Narrating whatever we hear

We receive news all the time. Muslims have been told by Allāh and His Rasūl ﷺ to be very careful, very mindful of what we hear, receive, believe and what we repeat and pass on.
كفى بالمرء كذبًا أن يحدث بكل ما سمع
The Prophet ﷺ said, “It is sufficient for a man to prove himself a liar when he goes on narrating whatever he hears.” A man doesn’t have to be an intentional liar to be a liar, however, it is sufficient for a man to end up lying and become a liar by simply repeating everything he hears.

For example, in a day, we hear 100 things.
10 of them may be truths.
20 may be misconceptions.
20 may be exaggerations.
50 could be total lies.
If a person repeats every one of them, he has only repeated 50 lies, 20 misconceptions, 20 exaggerations and only 10 truths.
So, for a man to be a liar, it is sufficient for him to repeat everything he has heard, this is the ḥadīth of Rasūlullāh ﷺ.

We receive so much information, gossip, calls, texts, IM, people forwarding things all the time.
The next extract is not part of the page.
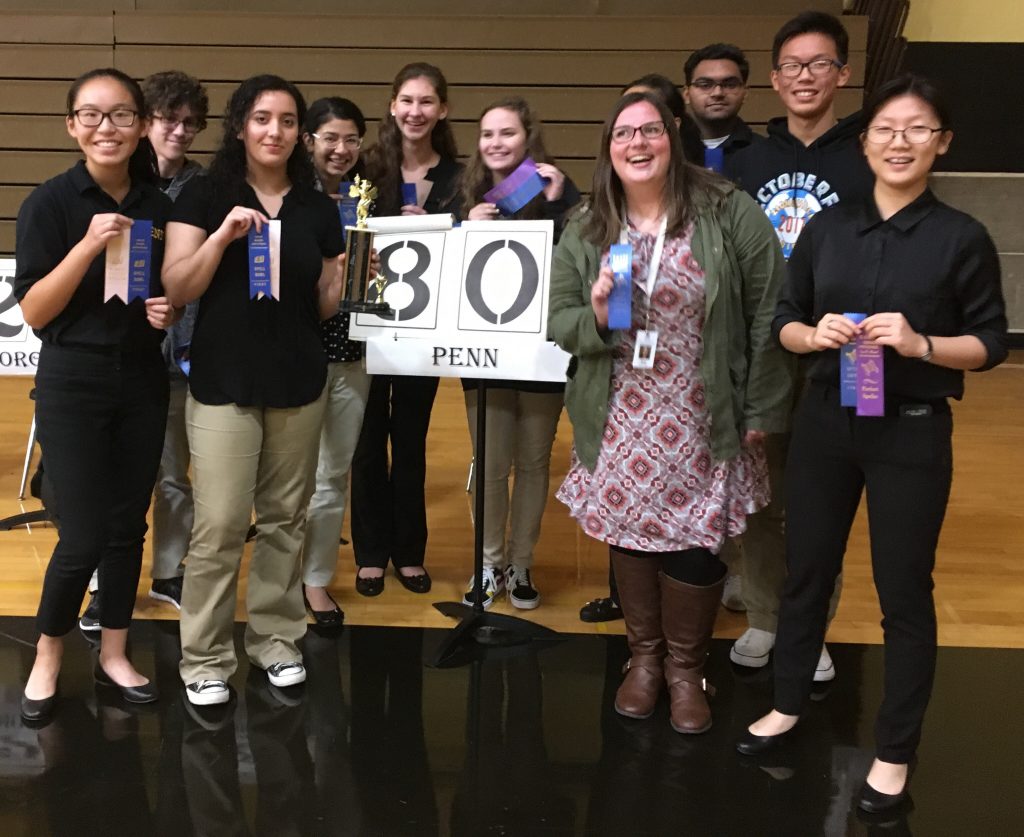 The Penn Spell Bowl Team poses with Blue Ribbons after winning the Kouts Invitational.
Sometimes it’s frivolous, meaningless, trivial, sometimes serious. Warnings which nobody bothers checking, but if they were to check, it was issued 7 years ago and still being circulated – falsehood.

Before social media and instant messaging, what we would hear in person, that in itself was bad enough as Allāh references this in multiple places in the Qurʿān. We hear so many things all the time and most is gossip, innuendos, insinuations, exaggerations, misconceptions and only part of it is true. We have to be very careful especially when it affects people’s livelihood, honour and dignity. When it comes to rumours and gossip, it is so harmful and detrimental.

Not everything which interests the public is in the public’s interest. We should disregard it as it doesn’t concern us.